WORK TO COMPLETE:
Exactly as written, set down each line of the data below except its pictures.
*** Opening of SUPPLIED INFORMATION ***
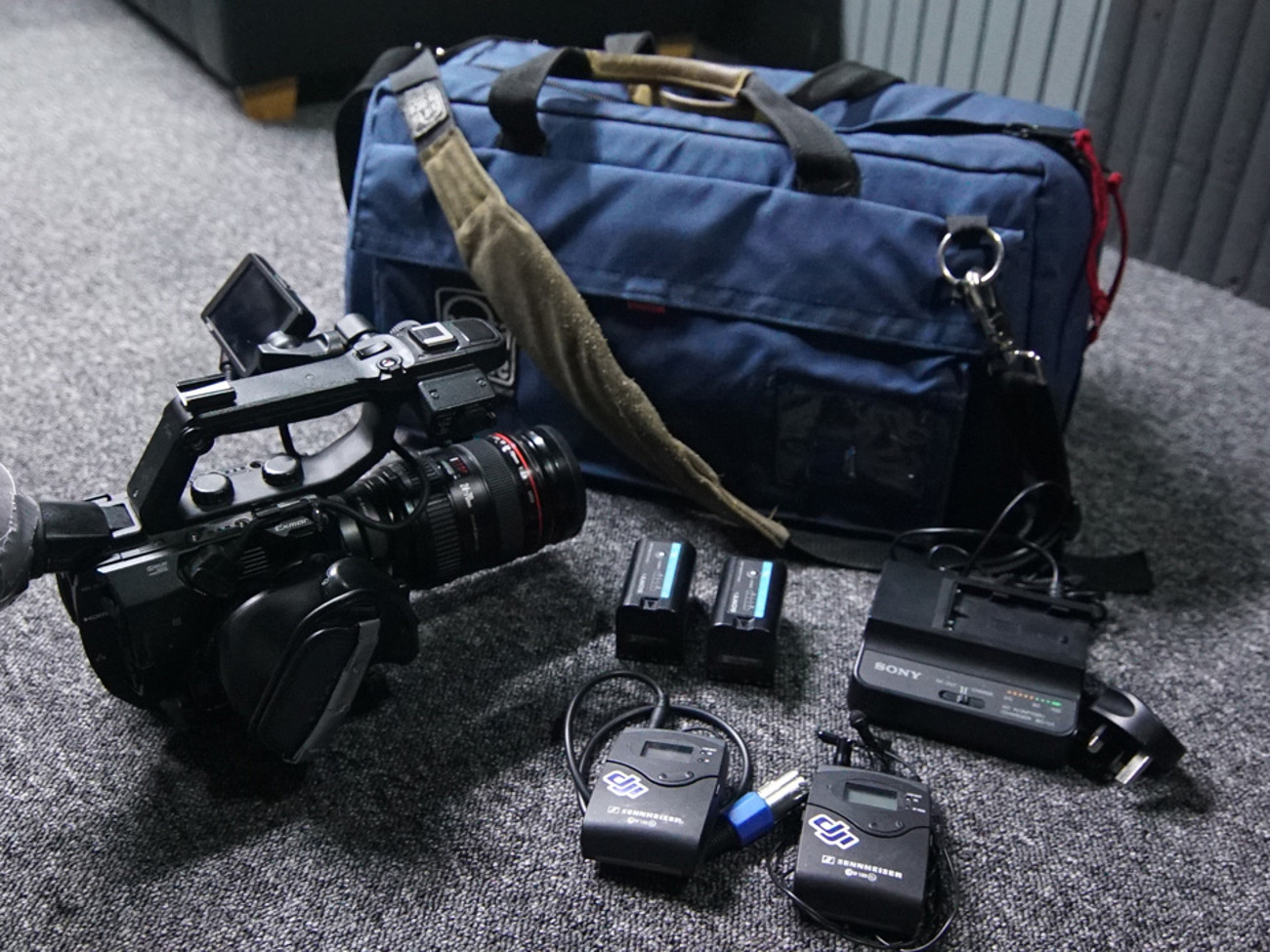 Sony fs5 with radio mics, portabrace bag + 2 batteries 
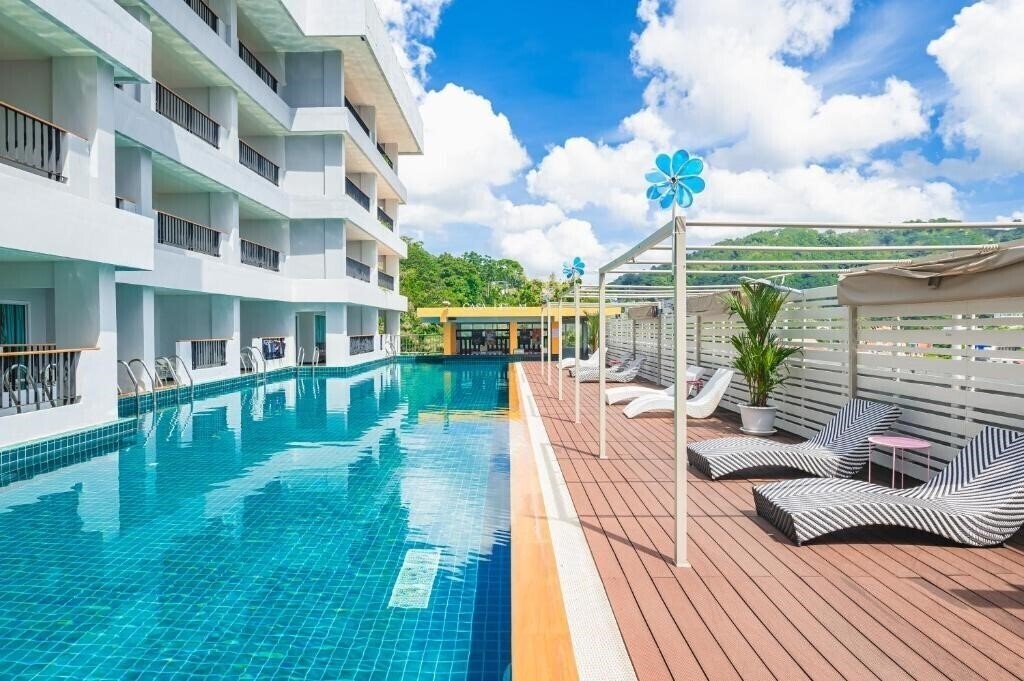 Фото Casa Del M Patong Kharkiv Crew 4*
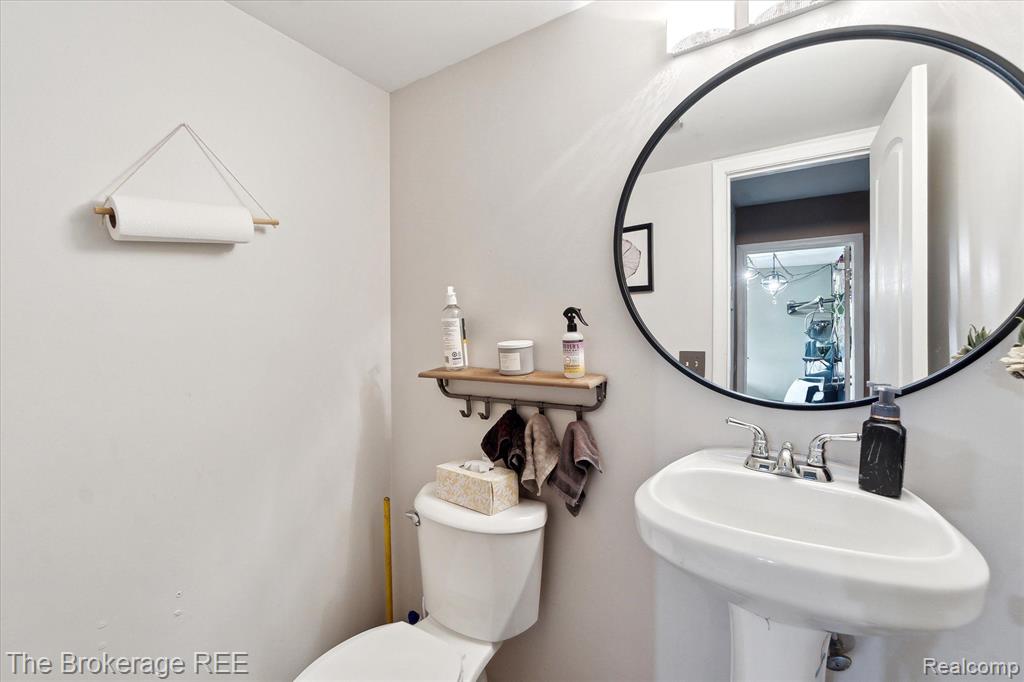 5394 KIMBERLY Drive, Grand Blanc, MI 48439 — Photo 36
*** Close of SUPPLIED INFORMATION ***
EXERCISE RESPONSE:
 Sony fs5 with radio mics, portabrace bag + 2 batteries 
 Фото Casa Del M Patong Kharkiv Crew 4*
 5394 KIMBERLY Drive, Grand Blanc, MI 48439 — Photo 36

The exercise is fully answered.